Abstinence-only study could alter sex-education landscape

The study found that abstinence-only sex education programs showed relative success in dissuading 12 year olds from having sex for two years afterward. It is the most comprehensive study to date to bolster an abstinence-only approach to reducing teen pregnancy.

Abstinence-only education does work. Sometimes.

A new study published in the Archives of Pediatrics & Adolescent Medicine Monday showed that young teens given an abstinence-only message were significantly more likely to delay having sex than those receiving more comprehensive sex education.

The research is gaining attention since it’s the first rigorously conducted study demonstrating that an abstinence-only program can be effective.

“This is really game-changing research, because it provides the first strong evidence that abstinence-only education can help very young teens delay sex,” says Bill Albert, chief program officer for that National Campaign to Prevent Teen and Unplanned Pregnancy, a nonpartisan organization. “The menu of proven options just got larger, and that’s good news.”

The study used randomized trials with a group of 662 African-American 6th and 7th graders. Groups were assigned to one of the following:

• An 8-hour abstinence-only program.

• An 8-hour safer-sex-only program.

• An 8- or 12-hour program that combined both.

• An 8-hour control group that just focused on non-sex related health issues.

In the group receiving abstinence-only education, 33 percent began having sex over the next two years, compared with 47 percent of those in the control group. Among the other groups, 52 percent of those taught only about safe sex became sexually active within two years, as did 42 percent of those in the comprehensive program.

Apples to apples?

While abstinence-only advocates have welcomed the study as validation of methods they’ve been pushing for years, critics of such approaches caution that the program in this study is different in a number of respects, and warm against extrapolating the evidence too broadly.

For one thing, the targeted population – with an average age of 12 – was quite young. And for another, the abstinence program was carefully designed to try to avoid pitfalls others have encountered. It counseled children to delay sex “until they are ready” rather than until marriage, avoided a moralistic tone, and was careful not to disparage condom use, and to help children get rid of misconceptions about contraceptives if the subject came up during discussion.

“This is not the kind of program that the federal government has been funding,” says Heather Boonstra, a senior public policy associate at the Guttmacher Institute, referring to the abstinence-only-until-marriage programs that thrived under the Bush administration.

Last week, the Guttmacher Institute released data showing that after a decade-long decline, America’s teen-pregnancy rate rose 3 percent in 2006. Ms. Boonstra is among those who believe some of that uptick may be due to the reliance on abstinence-only programs.

But abstinence-only advocates dismiss such concerns, and welcome the new research.
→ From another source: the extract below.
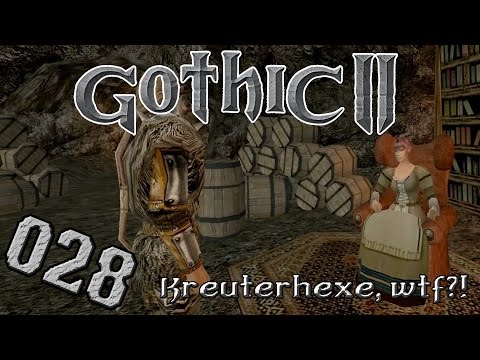 Gothic 2 DndR #028 | Monstermäßig!!! Sagitta die Hexe!!! | Power Let's Play [german/deutsch]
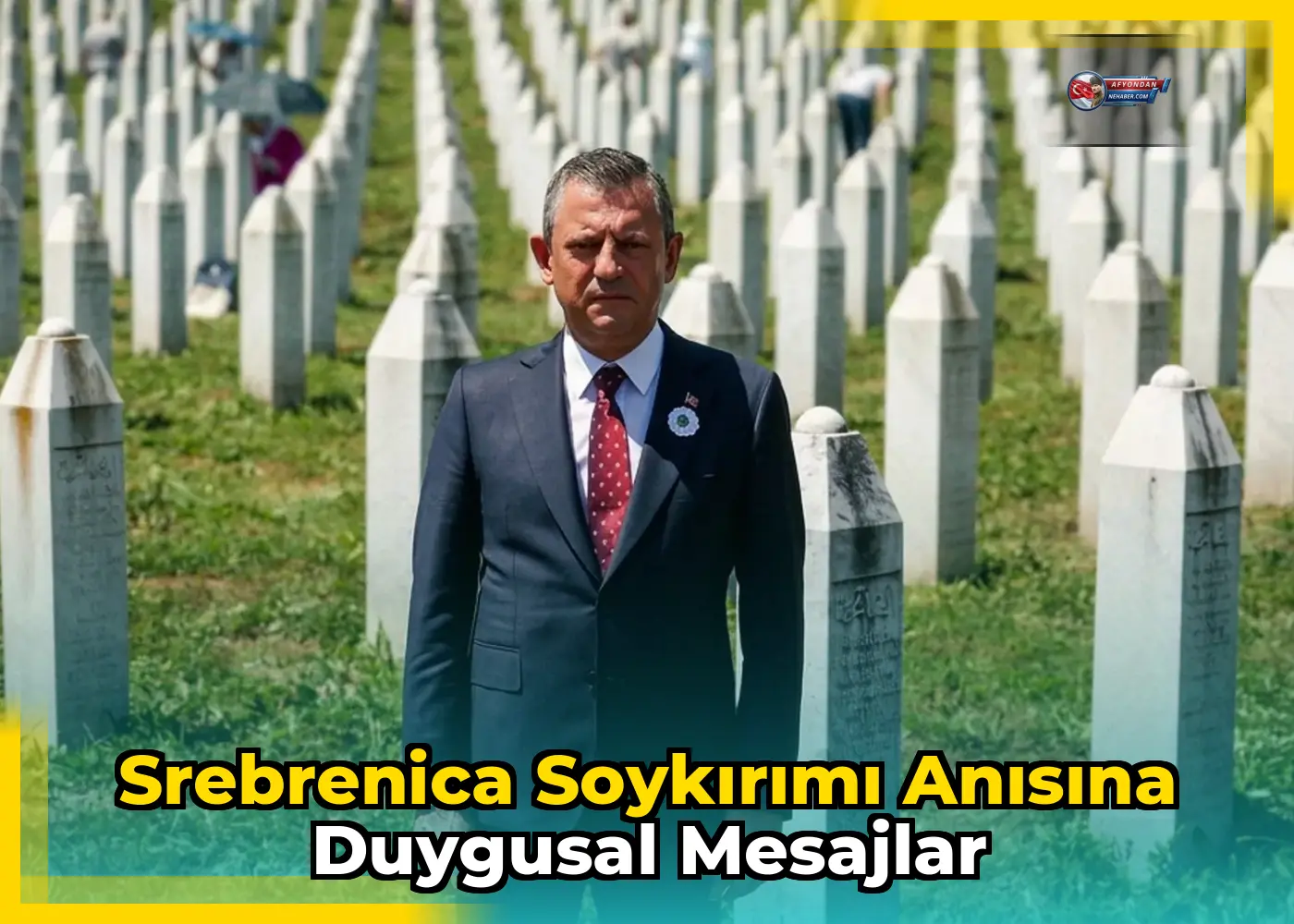 Srebrenica Soykırımı Anısına Duygusal Mesajlar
“This is the most rigorous study to date,” says Valerie Huber, executive director of the National Abstinence Education Association, though she contends other studies have also shown positive results for such programs. “It just verifies what we’ve known intuitively all along, which is that abstinence-only education is a very important strategy to help young people delay having sex.”

A call for more research

The new study’s lead author warns against either side reading too much into the research. “This is one study,” says John Jemmott, a professor at the University of Pennsylvania School of Medicine.

He says he hopes this will spur other researchers to design similarly rigorous studies around abstinence-based programs that use the best practices from comprehensive sex-ed programs and to test it with different populations. “We would like to have a body of evidence.”

The Obama administration has announced its intention to only fund evidence-based teen-pregnancy programs – sharply reducing federal funding for abstinence-only programs. But under those criteria, the type of abstinence-only program used in this new study would be likely to qualify.

One advantage to this, notes Mr. Albert of the nonpartisan National Campaign to Prevent Teen and Unplanned Pregnancy, is that that could offer an effective option for communities who don’t want a more comprehensive approach.

“No matter what the science says, there are going to be communities in this country that will only talk about abstinence before marriage,” he says.